La dame qui me parle fait à peine soixante ans. Le cadran affiche 4h00 du matin et heureusement pour elle, il n’y a pas foule à l’urgence. Sinon, elle aurait pu louer une chambre à l’hôpital tellement le temps d’attente aurait été interminable.
- C’est une pharyngite virale, madame. Les antibiotiques n’auront pas d’effet contre ça.
- Ben là, qu’est-ce que je vais faire? J’ai mal moi! Pourquoi tu me donnes pas d’antibiotiques. Mon autre médecin m’en donne, lui.

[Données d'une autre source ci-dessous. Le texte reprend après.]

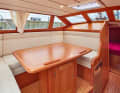Aussichtsreich und transparent. Die Faurby 360 DS ist eine richtige Decksalonyacht mit erhöht eingebauter Sitzgruppe.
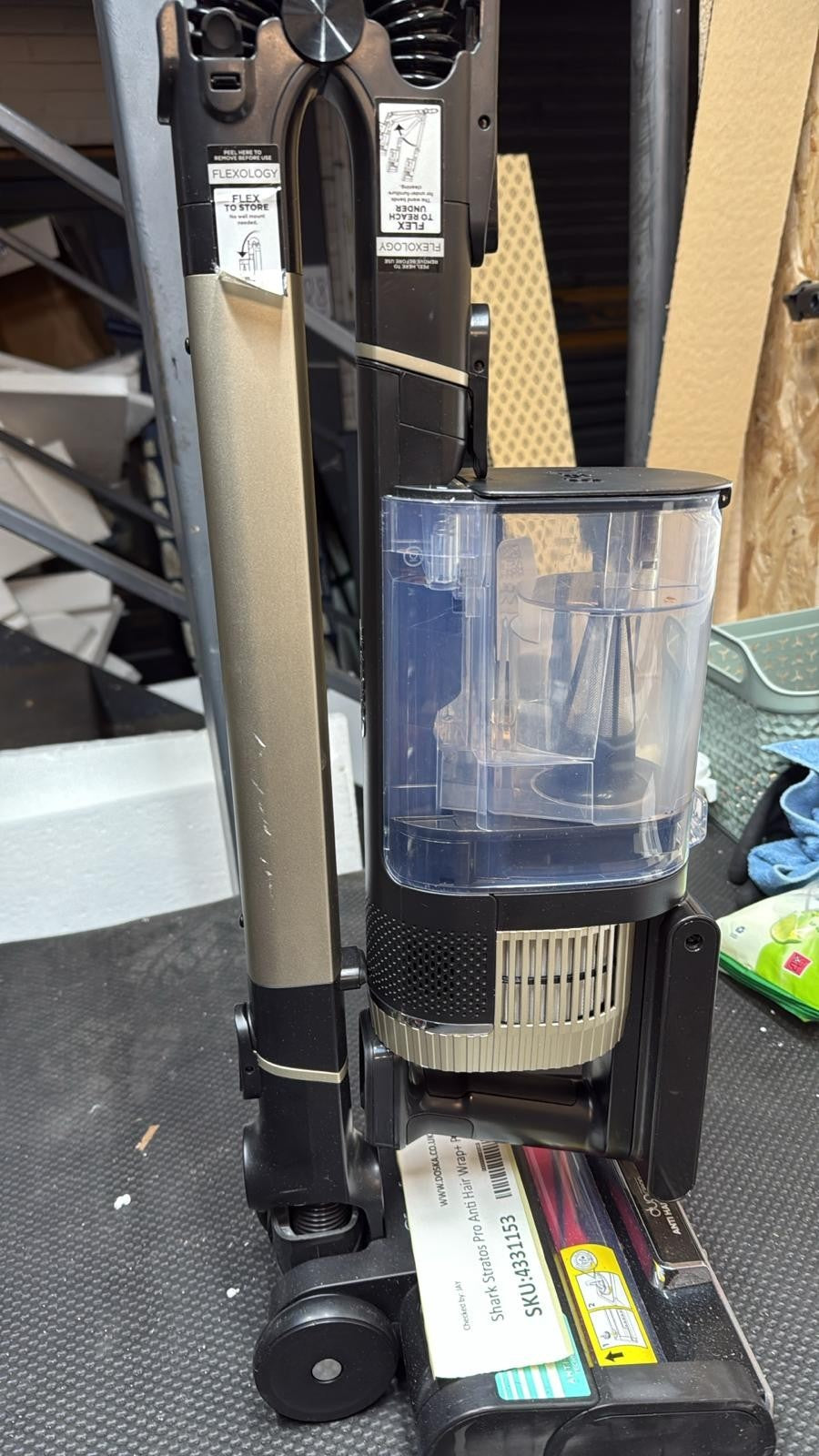 Shark Stratos Pro Anti Hair Wrap+ Pet Vacuum Cleaner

Il ne devrait pas. La majorité des pharyngites sont causées par des virus, et les antibiotiques n’ont aucune efficacité contre ce type de microbe. Donc, inutile de les prescrire. Si vous ne me croyez pas, allez lire les guides cliniques que nous utilisons. Maintenant, essayez d’expliquer ça à cette dame qui vient de passer 8 heures à se tourner les pouces à l’urgence. La majorité des patients entretiennent des attentes particulières lorsqu’ils consultent un médecin. Si ces attentes ne sont pas remplies, on devient alors un « mauvais médecin ». Dans ce cas-ci, la dame s’attendait à recevoir une prescription d’antibiotiques.
- Madame, les antibiotiques ne pourront ni vous aider, ni vous soulager. Je n’ai aucune indication de vous les donner.
Elle commence à bien saisir qu’elle ne repartira pas avec ce qu’elle veut. Et comme dans bien des cas, cela engendre énormément de frustrations.

- Oui, mais moi je sais que ça me soulagerait. T’es quel genre de médecin-toé? Tu veux pas soulager tes patients?
À en croire certaines personnes, les médecins jouent à Dieu et décident qui ils vont guérir et qui ils vont laisser souffrir. Je ne pratique pas la médecine pour jouer à Dieu. Je n’essaie que de faire mon travail. Et une partie de mon travail consiste à ne pas donner des traitements inutiles, dans ce cas-ci, les antibiotiques. S’il existait quelque chose pour guérir cette dame instantanément, je lui suggèrerais sans hésiter.
- Cela va durer quelques journées, et puis ça va partir.
- Et je vais avoir mal pendant tout ce temps-là?
- Quelques jours. La douleur va aller en s’atténuant. En attendant, vous pouvez prendre du tylenol, boire beaucoup. Si vous aimez les pastilles, vous pouvez toujours en prendre.
- J’ai déjà essayé, et ça ne marche pas.
- Alors, madame, je n’ai pas de remède-miracle.
Effectivement, la science a ses limites, et les miracles surviennent beaucoup plus rarement que les patients aimeraient le croire.
- Et toi, si tu étais malade, je suis sûr que tu prendrais des antibiotiques.
- Pas du tout. Parce que cela n’aurait aucun effet.
- Ouais… me semble.
En fait, plusieurs médecins pratiquent même s’ils sont incommodés par des problèmes de santé. Si on se désiste, il est très difficile de nous remplacer et nos collègues doivent souvent se sacrifier pour palier à notre absence, ce qui n’est jamais très plaisant. Nous sommes parfois plus malades que les patients que nous traitons. J’ai vu des médecins travailler entre deux traitements de chimiothérapie ou traîner un plâtre de chambre en chambre. Pour ma part, cette nuit-là, j’ai reçu deux poches de soluté car j’avais une gastro qui me faisait vomir les trippes.
Comme cette dame, je crois que j’aurais dû rester dans mon lit.